:: Work item ::
In the entries that follow, the line with "RV Part Accessories" opens the range and the line with "Eden Modern Tufted" closes it; repeat that range exactly, both lines included.

:: Records for the task ::
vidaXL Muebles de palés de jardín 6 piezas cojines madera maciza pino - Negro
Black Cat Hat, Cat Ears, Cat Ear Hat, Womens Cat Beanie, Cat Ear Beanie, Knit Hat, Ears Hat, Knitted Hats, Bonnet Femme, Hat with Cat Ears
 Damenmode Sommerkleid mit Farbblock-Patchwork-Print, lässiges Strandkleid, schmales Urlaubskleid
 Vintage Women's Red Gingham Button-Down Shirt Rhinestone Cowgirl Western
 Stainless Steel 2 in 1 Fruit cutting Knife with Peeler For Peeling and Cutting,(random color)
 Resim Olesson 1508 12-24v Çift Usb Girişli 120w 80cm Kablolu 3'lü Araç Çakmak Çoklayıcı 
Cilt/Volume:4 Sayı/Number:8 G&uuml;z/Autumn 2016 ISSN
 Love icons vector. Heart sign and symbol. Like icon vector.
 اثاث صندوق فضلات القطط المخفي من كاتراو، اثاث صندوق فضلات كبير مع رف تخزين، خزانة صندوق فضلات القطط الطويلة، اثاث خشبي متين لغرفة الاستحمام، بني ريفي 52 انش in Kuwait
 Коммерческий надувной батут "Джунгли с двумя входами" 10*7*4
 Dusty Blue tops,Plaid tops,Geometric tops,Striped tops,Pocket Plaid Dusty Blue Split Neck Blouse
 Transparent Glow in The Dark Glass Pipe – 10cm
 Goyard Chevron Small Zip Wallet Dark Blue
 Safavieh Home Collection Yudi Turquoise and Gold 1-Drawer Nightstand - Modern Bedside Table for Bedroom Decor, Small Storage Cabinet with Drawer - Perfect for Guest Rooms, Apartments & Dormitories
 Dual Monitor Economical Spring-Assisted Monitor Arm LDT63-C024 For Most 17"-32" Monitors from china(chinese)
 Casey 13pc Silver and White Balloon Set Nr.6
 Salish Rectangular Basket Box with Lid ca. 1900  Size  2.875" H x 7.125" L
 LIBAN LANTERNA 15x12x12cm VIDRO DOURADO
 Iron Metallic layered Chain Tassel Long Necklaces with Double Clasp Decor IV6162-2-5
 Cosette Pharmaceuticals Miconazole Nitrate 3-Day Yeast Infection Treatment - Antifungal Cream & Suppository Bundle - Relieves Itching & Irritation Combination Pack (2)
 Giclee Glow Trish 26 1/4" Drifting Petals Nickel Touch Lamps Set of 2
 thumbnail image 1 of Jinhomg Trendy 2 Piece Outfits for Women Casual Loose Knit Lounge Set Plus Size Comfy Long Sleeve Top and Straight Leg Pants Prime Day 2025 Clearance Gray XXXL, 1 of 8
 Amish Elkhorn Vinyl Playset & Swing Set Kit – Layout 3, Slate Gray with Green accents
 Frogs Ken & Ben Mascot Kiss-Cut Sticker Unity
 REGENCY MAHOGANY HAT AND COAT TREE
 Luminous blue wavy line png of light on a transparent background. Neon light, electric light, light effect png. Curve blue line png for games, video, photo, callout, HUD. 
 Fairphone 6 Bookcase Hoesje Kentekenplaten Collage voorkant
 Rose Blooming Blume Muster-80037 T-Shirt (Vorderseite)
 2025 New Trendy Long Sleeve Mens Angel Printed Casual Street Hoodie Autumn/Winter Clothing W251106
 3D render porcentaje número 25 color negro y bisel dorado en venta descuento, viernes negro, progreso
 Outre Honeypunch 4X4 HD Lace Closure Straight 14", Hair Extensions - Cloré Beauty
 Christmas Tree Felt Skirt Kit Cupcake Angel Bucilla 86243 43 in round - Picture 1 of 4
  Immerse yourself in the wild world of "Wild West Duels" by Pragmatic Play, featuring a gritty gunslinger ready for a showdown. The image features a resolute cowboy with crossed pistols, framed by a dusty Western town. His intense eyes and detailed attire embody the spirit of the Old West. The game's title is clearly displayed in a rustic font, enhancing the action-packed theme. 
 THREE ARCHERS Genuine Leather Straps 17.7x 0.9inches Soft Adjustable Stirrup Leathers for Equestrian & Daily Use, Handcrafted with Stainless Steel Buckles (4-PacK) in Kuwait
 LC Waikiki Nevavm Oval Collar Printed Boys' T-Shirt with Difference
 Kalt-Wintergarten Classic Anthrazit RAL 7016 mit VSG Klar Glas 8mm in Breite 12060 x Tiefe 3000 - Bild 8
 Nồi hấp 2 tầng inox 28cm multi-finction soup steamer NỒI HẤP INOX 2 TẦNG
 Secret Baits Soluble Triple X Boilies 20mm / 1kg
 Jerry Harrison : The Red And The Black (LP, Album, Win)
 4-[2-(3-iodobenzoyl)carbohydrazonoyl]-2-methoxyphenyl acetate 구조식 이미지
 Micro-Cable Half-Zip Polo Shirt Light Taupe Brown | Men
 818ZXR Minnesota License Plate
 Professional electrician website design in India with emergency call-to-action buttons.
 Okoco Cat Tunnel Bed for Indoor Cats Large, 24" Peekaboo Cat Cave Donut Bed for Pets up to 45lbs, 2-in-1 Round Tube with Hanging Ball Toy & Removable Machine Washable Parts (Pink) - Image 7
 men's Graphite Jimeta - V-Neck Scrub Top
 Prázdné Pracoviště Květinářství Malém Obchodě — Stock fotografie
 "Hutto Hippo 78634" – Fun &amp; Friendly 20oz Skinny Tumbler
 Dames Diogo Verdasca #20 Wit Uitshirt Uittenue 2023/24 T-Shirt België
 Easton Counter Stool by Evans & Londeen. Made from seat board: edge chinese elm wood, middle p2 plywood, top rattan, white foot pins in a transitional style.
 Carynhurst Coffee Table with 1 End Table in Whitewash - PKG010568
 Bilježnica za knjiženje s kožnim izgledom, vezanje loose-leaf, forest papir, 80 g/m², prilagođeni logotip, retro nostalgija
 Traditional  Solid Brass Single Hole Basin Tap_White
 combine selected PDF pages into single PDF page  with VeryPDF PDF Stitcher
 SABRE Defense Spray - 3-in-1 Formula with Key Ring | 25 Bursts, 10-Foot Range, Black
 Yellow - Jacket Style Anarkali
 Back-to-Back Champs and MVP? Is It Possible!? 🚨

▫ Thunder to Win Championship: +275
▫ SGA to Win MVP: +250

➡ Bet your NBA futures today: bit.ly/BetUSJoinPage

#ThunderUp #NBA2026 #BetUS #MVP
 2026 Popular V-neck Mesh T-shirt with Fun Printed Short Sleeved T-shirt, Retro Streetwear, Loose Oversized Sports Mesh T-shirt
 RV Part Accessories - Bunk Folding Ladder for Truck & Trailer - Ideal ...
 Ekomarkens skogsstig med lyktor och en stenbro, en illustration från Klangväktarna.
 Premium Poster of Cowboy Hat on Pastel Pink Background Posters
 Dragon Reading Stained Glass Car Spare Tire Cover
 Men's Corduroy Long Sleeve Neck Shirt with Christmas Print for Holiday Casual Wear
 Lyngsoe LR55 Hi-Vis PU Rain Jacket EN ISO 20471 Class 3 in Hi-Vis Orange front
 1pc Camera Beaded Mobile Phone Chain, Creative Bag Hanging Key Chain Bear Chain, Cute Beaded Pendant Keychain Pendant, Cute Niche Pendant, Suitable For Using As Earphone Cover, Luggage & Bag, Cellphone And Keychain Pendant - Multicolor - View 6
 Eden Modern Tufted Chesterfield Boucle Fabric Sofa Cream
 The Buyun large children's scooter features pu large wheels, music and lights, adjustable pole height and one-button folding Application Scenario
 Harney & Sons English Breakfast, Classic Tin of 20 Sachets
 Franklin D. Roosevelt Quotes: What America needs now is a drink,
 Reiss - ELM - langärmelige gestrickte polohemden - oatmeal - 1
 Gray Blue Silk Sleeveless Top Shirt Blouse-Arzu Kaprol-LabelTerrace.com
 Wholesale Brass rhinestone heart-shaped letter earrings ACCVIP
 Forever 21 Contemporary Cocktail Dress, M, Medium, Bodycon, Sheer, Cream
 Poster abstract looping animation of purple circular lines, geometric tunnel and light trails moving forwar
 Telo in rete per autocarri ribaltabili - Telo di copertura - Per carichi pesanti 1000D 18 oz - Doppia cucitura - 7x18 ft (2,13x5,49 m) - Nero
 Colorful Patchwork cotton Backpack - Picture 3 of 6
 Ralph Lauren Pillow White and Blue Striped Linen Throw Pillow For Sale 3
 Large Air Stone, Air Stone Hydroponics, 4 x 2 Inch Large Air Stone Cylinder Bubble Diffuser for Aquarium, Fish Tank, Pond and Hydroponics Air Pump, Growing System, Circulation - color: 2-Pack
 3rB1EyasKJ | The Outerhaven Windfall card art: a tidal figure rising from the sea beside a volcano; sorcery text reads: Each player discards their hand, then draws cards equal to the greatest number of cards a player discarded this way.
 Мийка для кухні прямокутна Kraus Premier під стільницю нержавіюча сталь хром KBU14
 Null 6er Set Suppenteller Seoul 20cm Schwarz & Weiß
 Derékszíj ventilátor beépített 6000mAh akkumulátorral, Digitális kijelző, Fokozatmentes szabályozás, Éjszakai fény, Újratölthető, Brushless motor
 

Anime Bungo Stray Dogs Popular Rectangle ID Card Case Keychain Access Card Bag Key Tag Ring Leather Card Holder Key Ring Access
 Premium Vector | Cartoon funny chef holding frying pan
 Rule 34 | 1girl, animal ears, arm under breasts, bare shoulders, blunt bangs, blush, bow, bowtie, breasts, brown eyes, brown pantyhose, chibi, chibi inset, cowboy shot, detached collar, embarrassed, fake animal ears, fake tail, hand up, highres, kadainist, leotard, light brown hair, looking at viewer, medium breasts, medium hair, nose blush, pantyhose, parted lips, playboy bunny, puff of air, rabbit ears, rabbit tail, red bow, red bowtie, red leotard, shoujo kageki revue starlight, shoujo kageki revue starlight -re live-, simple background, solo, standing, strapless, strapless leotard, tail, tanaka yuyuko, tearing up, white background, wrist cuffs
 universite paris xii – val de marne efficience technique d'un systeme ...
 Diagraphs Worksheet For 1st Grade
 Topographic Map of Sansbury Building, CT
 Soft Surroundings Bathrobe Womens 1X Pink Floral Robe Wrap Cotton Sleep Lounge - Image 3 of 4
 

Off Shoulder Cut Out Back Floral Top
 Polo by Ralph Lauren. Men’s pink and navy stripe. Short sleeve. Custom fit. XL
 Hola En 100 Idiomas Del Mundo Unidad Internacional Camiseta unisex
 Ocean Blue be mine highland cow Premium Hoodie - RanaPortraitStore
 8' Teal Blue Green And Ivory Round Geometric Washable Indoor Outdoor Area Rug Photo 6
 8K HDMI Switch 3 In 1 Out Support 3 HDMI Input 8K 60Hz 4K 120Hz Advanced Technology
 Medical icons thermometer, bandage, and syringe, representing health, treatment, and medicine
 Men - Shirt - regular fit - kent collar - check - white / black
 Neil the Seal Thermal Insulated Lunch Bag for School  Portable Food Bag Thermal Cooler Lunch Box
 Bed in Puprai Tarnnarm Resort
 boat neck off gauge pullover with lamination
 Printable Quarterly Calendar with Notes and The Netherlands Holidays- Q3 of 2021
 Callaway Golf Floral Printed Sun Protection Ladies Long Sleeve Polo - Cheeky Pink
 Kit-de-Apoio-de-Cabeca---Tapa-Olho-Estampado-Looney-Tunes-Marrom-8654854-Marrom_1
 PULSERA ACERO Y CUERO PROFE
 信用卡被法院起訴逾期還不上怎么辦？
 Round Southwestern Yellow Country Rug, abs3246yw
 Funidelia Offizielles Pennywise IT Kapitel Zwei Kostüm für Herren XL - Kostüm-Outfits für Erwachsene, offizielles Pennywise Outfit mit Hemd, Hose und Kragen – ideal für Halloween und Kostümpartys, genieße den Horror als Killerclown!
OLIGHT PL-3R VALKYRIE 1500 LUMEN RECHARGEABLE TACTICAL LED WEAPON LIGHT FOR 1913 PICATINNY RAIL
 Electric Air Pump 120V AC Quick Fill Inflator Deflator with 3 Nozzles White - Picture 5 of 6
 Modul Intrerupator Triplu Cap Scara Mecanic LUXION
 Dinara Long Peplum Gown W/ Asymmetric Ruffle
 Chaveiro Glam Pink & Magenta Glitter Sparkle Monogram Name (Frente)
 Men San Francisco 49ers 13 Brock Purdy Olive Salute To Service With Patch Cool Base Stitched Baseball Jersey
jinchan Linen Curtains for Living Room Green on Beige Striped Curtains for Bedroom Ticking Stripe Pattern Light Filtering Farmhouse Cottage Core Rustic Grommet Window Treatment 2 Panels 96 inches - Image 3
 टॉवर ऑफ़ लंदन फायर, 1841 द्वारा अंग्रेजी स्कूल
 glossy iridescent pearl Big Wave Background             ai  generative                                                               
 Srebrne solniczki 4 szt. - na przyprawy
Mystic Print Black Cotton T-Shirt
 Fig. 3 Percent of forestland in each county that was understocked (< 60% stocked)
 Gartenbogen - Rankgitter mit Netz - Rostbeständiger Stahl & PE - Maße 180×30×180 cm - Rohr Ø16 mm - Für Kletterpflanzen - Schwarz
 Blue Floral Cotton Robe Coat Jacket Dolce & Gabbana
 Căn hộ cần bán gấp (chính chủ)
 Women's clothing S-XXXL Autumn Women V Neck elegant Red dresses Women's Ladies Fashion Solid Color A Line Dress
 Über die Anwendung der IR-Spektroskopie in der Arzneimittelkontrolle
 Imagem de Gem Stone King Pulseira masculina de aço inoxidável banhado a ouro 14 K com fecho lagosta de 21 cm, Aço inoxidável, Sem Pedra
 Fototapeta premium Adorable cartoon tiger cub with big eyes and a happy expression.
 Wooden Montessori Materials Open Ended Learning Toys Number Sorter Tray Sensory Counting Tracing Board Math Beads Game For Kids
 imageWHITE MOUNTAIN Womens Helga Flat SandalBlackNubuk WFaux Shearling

:: Expected output ::
 RV Part Accessories - Bunk Folding Ladder for Truck & Trailer - Ideal ...
 Ekomarkens skogsstig med lyktor och en stenbro, en illustration från Klangväktarna.
 Premium Poster of Cowboy Hat on Pastel Pink Background Posters
 Dragon Reading Stained Glass Car Spare Tire Cover
 Men's Corduroy Long Sleeve Neck Shirt with Christmas Print for Holiday Casual Wear
 Lyngsoe LR55 Hi-Vis PU Rain Jacket EN ISO 20471 Class 3 in Hi-Vis Orange front
 1pc Camera Beaded Mobile Phone Chain, Creative Bag Hanging Key Chain Bear Chain, Cute Beaded Pendant Keychain Pendant, Cute Niche Pendant, Suitable For Using As Earphone Cover, Luggage & Bag, Cellphone And Keychain Pendant - Multicolor - View 6
 Eden Modern Tufted Chesterfield Boucle Fabric Sofa Cream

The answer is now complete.